Paddington

Otro migrante peruano en el cine internacional.

Este no vive (o malvive) en los alrededores del barrio del Abasto de Buenos Aires, como en las películas argentinas; ni es empleado de una familia, como en las chilenas. El oso Paddington sale de la Amazonia peruana a causa de un cataclismo natural y se dirige a Londres, en busca de un explorador de la Sociedad Geográfica que, cuarenta años antes, conoció a sus tíos, dos apacibles osos selváticos.

Como E.T.  Paddington busca refugio, lejos de su casa. Y lo encuentra en un típico hogar británico, conformado por un papá más bien timorato, una madre acogedora, una hija vergonzosa y con la rebeldía de la pubertad, y un hijo que proyecta ser astronauta. Y de esta familia modélica solo se puede esperar un comportamiento ejemplar.

Y eso es lo que ocurre. Luego de algunos desajustes, producto de desastres causados por un locuaz Paddington pre-moderno, la “buena onda” hacia los inmigrantes se impone. La corrección del “mensaje” es inequívoca.

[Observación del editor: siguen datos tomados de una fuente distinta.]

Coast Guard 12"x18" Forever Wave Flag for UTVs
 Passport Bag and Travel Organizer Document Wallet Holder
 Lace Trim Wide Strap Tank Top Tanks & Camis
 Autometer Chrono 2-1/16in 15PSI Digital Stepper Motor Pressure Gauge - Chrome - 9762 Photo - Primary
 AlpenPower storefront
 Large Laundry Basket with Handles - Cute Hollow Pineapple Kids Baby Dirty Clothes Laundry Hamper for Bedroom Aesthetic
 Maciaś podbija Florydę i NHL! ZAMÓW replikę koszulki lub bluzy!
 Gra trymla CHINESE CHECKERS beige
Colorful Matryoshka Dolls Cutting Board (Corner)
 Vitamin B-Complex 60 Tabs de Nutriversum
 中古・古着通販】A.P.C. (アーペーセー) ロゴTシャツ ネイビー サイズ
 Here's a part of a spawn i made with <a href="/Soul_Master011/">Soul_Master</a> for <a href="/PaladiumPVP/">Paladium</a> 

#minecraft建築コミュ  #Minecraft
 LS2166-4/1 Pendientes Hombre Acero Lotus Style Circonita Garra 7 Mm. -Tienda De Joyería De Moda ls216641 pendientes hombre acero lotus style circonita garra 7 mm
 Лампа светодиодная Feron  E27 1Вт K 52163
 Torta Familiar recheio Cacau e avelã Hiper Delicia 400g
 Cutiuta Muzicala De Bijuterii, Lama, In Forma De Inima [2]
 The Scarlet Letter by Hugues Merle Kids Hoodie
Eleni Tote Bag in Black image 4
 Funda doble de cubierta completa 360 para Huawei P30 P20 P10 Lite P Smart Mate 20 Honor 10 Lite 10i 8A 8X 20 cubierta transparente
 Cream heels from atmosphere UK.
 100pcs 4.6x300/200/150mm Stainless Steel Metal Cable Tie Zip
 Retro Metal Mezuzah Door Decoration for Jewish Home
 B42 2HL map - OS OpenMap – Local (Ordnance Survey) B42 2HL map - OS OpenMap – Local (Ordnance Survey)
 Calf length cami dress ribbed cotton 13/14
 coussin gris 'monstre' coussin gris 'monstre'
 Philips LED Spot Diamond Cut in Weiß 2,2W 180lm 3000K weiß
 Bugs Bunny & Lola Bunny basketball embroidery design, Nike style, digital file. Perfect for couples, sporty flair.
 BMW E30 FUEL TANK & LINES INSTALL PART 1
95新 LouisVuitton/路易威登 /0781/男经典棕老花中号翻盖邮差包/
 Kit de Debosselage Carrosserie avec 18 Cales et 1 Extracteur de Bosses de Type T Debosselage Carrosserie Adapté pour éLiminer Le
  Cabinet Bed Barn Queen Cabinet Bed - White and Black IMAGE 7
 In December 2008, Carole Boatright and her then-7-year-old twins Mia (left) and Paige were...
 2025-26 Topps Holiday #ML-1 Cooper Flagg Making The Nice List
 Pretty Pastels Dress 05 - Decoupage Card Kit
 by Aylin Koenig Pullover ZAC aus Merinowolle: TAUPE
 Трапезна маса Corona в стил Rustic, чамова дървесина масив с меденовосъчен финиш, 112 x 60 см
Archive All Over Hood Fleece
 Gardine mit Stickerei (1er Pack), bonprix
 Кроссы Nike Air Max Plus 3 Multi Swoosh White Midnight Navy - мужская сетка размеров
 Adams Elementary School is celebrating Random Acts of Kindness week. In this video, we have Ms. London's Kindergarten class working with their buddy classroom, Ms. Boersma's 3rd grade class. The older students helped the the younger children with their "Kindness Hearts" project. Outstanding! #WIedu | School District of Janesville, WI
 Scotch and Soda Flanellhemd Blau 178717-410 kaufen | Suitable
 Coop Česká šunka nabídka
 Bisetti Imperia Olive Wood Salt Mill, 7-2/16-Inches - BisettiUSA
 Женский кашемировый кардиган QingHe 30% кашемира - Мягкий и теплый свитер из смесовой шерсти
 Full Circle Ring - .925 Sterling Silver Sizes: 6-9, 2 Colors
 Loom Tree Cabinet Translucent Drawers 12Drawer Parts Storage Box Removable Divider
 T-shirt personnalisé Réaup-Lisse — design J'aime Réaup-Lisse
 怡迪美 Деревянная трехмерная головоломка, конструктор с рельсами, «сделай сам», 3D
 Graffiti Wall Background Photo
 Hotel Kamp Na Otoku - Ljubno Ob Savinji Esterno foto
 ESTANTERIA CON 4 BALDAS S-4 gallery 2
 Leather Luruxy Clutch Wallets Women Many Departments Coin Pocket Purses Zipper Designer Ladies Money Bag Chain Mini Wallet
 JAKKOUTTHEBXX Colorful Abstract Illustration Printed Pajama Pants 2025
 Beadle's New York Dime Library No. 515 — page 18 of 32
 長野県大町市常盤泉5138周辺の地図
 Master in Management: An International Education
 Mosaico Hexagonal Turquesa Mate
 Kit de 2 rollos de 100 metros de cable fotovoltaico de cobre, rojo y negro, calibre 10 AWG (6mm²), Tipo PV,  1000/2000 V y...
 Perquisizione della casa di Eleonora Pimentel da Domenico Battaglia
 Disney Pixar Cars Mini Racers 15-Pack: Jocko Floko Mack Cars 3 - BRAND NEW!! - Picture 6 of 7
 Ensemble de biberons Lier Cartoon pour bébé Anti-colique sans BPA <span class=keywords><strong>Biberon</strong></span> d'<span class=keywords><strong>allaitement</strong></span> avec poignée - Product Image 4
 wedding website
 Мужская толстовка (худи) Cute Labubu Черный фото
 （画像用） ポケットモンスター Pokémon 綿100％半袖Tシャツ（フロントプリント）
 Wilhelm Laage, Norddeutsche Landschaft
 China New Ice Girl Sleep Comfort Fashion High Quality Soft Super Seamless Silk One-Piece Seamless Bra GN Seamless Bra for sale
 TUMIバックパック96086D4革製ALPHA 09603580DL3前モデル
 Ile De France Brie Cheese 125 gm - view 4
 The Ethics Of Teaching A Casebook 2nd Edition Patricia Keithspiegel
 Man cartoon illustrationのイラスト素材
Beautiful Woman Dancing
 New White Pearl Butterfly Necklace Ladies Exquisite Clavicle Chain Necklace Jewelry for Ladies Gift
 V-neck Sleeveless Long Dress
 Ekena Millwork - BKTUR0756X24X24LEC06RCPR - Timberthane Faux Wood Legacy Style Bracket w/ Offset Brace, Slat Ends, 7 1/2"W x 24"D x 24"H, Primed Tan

Pero más allá de las buenas intenciones, hay que decir que “Paddington” es una película estimable, divertida, de un acabado visual perfecto y que se cuida de caer en la blandura o la ternura ñoña. Por el contrario, el humor tiene malicia, Paddington puede ser agradable, pero también impertinente y hasta odioso, y se suceden guiños ingeniosos a mil películas, desde “Misión imposible” hasta “Mary Poppins”, “La invención de Hugo Cabret” y “Delicatessen”, pasando revista, por cierto, a los retablos y miniaturas de Wes Anderson.

La formidable imaginería digital de “Paddington” no solo hace convivir al oso con los actores de carne y hueso, sino que reinventa un Londres de colores pastel y perfecta irrealidad.  

Hacia el final, una imagen nos hace retornar a la selva peruana, convertida en una suerte de moderno “resort”. Como para que llegue Indiana Jones.